TASK REQUIREMENTS: Lines from the one containing "Ugreen UG30148HD127TK 1M" through the final line of the records below are needed, copied exactly, with no pictures.
[Opening GIVEN RECORDS section]
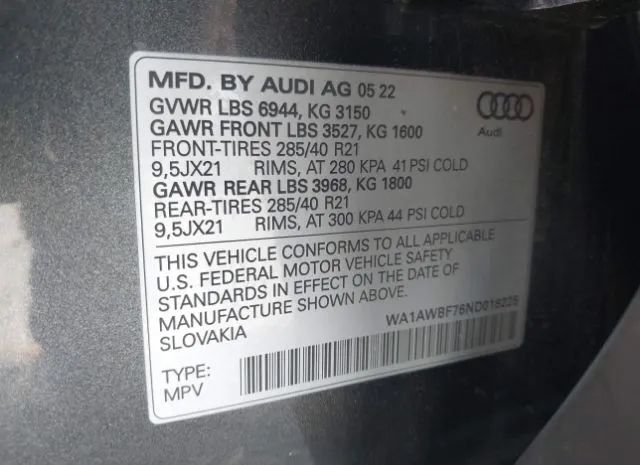 Photo 8 VIN: WA1AWBF76ND018225 - AUDI SQ7 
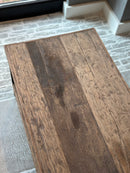 Salontafel van grof hout en smeedijzeren onderstel met onderplank - 160x45x50 cm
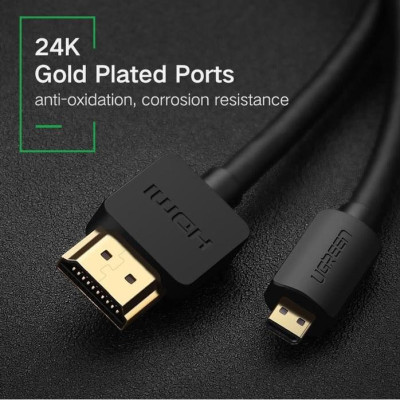 Ugreen UG30148HD127TK 1M màu Đen Cáp chuyển đổi micro HDMI sang HDMI thuần đồng - HÀNG CHÍNH HÃNG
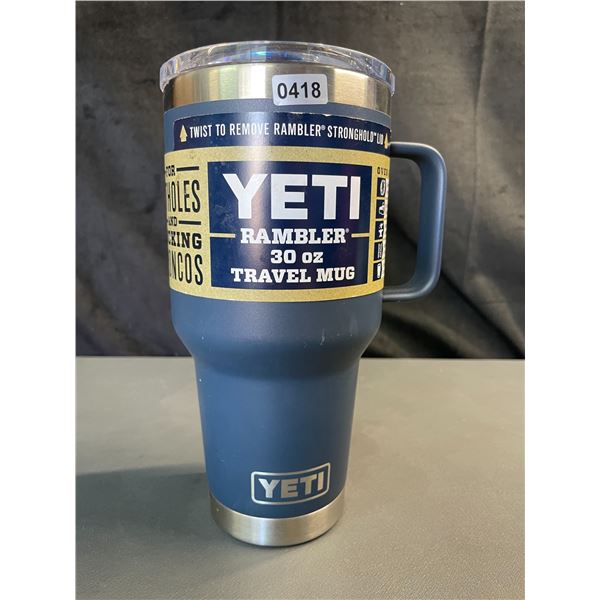 Lot of 1 YETI Rambler 30oz Tumbler Mug with Handle - Blue - Brand New!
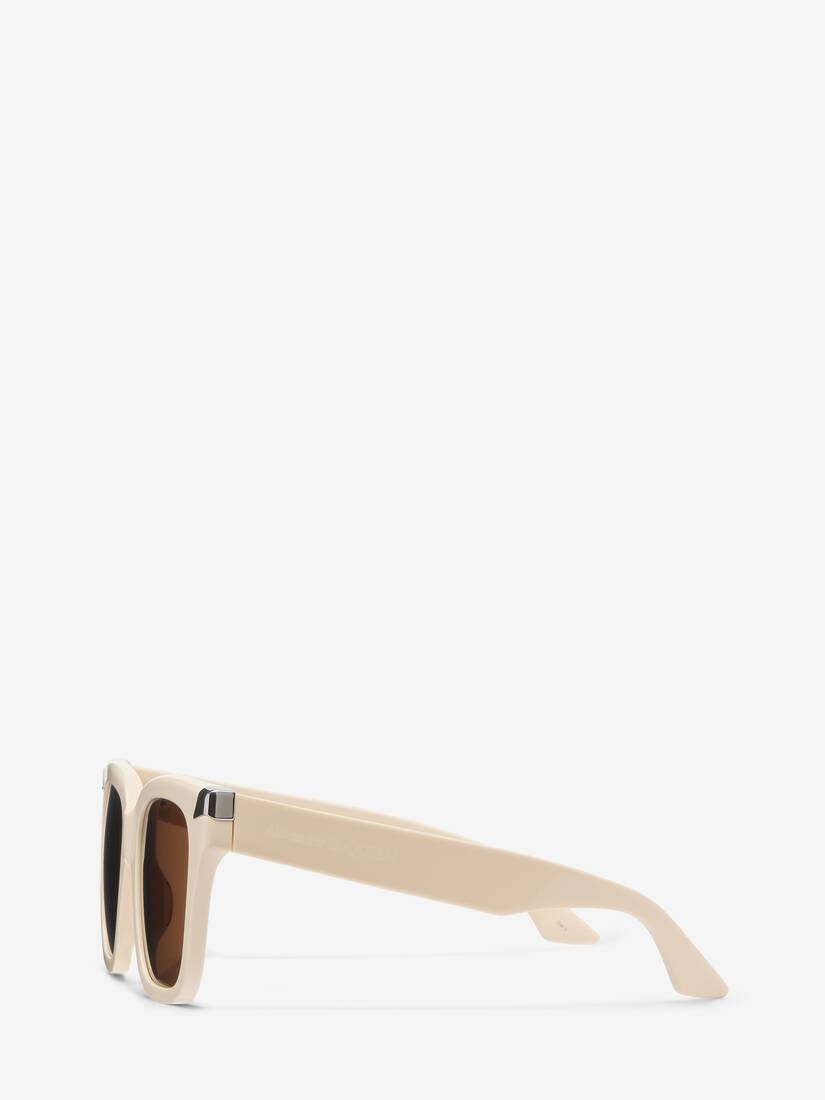 Women's Punk Rivet Oversize Sunglasses in Ivory - 3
[Closing GIVEN RECORDS section]
THE COMPLETED TASK:
 Ugreen UG30148HD127TK 1M màu Đen Cáp chuyển đổi micro HDMI sang HDMI thuần đồng - HÀNG CHÍNH HÃNG
 Lot of 1 YETI Rambler 30oz Tumbler Mug with Handle - Blue - Brand New!
 Women's Punk Rivet Oversize Sunglasses in Ivory - 3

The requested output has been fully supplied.